Introduction: Contraceptives containing ethinylestradiol (EE) induce changes in the coagulation system and are associated with a risk of venous thromboembolism. However, studies comparing the effects of combined oral contraceptives containing EE and low-potency estrogens (ie, estradiol [E₂] and estradiol valerate [EV]) on coagulation biomarkers are limited. This study represents secondary outcomes of a randomized trial comparing combined oral contraceptives containing EV + dienogest (DNG), EE + DNG, and DNG alone on selected coagulation biomarkers. We could compare the specific effects of the different estrogen components owing to the inclusion of preparations containing the same progestin.
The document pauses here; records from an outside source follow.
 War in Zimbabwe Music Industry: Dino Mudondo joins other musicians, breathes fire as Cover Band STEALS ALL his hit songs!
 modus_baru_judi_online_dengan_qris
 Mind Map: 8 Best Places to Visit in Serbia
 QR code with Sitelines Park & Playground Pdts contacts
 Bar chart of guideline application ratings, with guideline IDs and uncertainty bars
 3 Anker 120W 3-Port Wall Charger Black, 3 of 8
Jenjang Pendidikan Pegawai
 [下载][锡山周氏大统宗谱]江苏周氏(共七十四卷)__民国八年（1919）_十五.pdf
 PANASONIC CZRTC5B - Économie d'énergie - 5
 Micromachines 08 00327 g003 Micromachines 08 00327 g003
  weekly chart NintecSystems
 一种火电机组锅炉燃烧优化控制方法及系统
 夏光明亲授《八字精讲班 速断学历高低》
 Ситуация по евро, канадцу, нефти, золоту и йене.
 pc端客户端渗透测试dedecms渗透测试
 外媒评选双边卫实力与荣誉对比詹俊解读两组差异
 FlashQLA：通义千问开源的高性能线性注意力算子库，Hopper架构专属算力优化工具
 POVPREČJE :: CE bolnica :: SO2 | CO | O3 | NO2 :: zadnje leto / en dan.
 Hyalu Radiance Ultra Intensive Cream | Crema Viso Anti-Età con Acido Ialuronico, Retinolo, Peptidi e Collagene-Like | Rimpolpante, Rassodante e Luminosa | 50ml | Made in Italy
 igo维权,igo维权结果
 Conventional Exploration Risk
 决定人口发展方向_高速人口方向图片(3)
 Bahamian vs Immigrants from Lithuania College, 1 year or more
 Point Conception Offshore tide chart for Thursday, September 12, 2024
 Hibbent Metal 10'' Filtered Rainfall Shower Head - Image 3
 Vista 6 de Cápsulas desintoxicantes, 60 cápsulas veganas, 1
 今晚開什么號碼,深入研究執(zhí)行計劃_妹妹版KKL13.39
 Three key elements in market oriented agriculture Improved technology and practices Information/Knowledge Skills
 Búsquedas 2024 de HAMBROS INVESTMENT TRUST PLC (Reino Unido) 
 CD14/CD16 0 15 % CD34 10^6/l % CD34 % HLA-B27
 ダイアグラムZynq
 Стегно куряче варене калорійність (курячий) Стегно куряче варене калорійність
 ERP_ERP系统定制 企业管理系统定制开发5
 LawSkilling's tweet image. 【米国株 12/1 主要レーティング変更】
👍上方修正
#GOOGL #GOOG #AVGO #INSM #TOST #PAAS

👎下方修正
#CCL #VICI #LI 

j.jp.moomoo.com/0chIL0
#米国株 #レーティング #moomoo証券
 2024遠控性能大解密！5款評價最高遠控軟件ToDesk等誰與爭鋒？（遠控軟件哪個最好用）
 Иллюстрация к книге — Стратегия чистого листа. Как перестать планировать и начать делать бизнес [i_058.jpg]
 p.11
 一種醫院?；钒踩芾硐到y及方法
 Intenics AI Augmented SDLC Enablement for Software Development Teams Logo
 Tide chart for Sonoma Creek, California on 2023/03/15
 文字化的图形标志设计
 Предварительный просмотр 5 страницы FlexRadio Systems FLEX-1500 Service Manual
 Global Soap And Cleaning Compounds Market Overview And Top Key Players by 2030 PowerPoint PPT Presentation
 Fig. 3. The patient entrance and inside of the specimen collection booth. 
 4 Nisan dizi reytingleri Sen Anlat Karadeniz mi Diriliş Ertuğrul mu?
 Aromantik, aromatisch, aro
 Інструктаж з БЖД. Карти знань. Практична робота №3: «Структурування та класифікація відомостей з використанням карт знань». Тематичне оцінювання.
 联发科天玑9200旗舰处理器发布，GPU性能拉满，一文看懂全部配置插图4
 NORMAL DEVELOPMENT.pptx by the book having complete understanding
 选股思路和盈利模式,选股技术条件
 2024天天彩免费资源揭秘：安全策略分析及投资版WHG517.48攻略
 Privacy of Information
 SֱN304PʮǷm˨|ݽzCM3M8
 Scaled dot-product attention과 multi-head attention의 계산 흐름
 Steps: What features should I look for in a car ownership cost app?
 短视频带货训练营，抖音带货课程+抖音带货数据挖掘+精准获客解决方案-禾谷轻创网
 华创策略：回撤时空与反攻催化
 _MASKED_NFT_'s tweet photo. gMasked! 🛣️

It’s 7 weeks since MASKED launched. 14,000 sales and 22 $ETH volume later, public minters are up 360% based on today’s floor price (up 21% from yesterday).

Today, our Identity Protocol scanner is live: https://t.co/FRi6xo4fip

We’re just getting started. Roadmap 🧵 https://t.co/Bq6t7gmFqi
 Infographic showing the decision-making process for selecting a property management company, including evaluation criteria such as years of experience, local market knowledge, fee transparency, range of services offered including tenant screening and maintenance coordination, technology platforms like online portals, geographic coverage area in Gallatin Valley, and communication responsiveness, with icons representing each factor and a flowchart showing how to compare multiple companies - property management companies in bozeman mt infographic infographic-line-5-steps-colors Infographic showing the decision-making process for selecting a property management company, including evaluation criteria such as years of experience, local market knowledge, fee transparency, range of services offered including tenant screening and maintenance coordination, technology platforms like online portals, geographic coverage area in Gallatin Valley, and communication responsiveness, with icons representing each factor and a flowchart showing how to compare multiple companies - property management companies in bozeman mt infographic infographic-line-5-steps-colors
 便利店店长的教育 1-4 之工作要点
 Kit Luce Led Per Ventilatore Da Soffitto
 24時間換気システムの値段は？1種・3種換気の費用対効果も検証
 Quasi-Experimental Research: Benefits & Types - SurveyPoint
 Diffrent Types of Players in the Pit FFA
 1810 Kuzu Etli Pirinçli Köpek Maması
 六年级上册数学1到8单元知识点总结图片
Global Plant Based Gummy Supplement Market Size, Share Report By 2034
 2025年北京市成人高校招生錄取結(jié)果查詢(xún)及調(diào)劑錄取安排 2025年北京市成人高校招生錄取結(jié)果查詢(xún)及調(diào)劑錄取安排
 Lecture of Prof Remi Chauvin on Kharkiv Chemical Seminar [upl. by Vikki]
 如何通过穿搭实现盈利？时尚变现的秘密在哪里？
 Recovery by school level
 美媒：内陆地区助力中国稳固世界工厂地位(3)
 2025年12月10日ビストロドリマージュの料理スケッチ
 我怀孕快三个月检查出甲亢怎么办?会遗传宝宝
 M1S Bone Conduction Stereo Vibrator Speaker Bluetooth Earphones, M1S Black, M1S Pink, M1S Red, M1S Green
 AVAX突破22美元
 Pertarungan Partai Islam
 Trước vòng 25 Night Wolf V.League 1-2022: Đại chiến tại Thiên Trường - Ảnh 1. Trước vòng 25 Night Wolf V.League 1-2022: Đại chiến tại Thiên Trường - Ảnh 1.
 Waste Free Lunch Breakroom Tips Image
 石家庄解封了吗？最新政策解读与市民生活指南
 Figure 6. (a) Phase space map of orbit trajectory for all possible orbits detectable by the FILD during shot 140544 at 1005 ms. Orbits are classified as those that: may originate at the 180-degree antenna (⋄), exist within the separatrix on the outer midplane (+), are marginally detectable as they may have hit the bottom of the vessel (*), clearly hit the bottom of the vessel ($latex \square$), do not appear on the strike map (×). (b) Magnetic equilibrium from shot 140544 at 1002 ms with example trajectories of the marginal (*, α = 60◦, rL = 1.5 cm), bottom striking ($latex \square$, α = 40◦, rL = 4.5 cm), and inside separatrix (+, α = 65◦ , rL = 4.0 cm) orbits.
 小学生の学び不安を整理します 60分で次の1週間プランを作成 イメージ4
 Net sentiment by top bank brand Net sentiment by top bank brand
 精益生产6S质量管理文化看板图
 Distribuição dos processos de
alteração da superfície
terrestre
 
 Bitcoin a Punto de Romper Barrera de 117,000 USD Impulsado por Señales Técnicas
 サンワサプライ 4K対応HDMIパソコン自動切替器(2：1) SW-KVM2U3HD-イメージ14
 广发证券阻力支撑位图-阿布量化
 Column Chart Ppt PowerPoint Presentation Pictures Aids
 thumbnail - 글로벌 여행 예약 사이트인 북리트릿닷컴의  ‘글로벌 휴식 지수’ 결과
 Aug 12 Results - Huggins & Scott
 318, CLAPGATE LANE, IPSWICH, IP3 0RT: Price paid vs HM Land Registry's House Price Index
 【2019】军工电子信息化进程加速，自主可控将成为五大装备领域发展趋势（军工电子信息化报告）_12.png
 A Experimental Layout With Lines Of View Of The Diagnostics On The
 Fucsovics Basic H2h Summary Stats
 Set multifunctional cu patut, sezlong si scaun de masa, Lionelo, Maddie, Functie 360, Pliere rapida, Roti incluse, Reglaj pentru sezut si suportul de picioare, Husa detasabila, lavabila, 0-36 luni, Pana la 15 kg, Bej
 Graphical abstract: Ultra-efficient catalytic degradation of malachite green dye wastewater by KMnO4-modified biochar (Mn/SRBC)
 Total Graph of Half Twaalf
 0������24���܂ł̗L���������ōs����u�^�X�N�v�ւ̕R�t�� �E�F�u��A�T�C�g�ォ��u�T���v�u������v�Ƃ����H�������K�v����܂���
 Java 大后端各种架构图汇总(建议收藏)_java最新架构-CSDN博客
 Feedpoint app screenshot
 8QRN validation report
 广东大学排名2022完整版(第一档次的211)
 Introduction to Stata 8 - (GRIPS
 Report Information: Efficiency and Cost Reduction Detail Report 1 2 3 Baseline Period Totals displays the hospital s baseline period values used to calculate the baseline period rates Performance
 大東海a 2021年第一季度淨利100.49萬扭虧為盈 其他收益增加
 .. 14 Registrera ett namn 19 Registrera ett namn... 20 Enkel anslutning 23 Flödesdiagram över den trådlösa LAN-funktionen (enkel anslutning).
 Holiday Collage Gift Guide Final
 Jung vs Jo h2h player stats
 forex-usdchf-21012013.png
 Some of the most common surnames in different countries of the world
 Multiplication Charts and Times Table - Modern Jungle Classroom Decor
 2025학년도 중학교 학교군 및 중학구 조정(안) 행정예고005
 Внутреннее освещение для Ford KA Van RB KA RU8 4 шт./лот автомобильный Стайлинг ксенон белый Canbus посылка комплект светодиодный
Material and methods: We enrolled 59 healthy, 18- to 35-year-old, non-smoking women, of whom three discontinued. The participants were randomly allocated to 9 weeks of continuous treatment with EV 2 mg + DNG 2–3 mg (n = 20), EE 0.03 mg + DNG 2 mg (n = 20), or DNG 2 mg (n = 19). Blood samples were collected at baseline and after 9 weeks. We assessed coagulation in vitro by thrombin generation using the Calibrated Automated Thrombogram. Thrombin generation was evaluated by lag time, time to thrombin peak, thrombin peak, and endogenous thrombin potential in response to tissue factor (1 pm). In vivo coagulation assessment was based on levels of prothrombin fragment 1 + 2 (F1 + 2) (thrombin generation) and D-dimer (fibrin turnover). Clinical trial registration: NCT02352090.

Results: Lag time and time to thrombin peak remained unaltered after exposure to EV + DNG, whereas EE + DNG shortened both lag time (mean percentage change −24%, 95% confidence interval [CI] −32% to −15%; p < 0.01) and time to thrombin peak (−26%, 95% CI −37% to −16%; p < 0.01). EV + DNG induced lower thrombin peak and endogenous thrombin potential than EE + DNG (peak; +45%, 95% CI 22%–67% vs +147%,95% CI 96%–198%; p < 0.01, and endogenous thrombin potential; +26%, 95% CI 15%–38% vs +64%, 95% CI 51%–76%; p < 0.01). Median F1 + 2 levels remained unchanged with EV + DNG (p = 0.22) but increased within normal ranges with EE + DNG (from 152 pmol/L, 95% CI 127–206] pmol/L to 194 pmol/L, 95% CI 149–250 pmol/L, p = 0.04). The within-group change in D-dimer levels was not significant in any of the groups. DNG alone did not affect these biomarkers.

Conclusions: Both in vitro and in vivo thrombin generation was lower after exposure to EV + DNG compared with EE + DNG. The lower thrombin generation measures after treatment with EV + DNG indicate less enhancement of coagulation potential and suggest that EV may be favorable to EE as a component of combined oral contraceptives.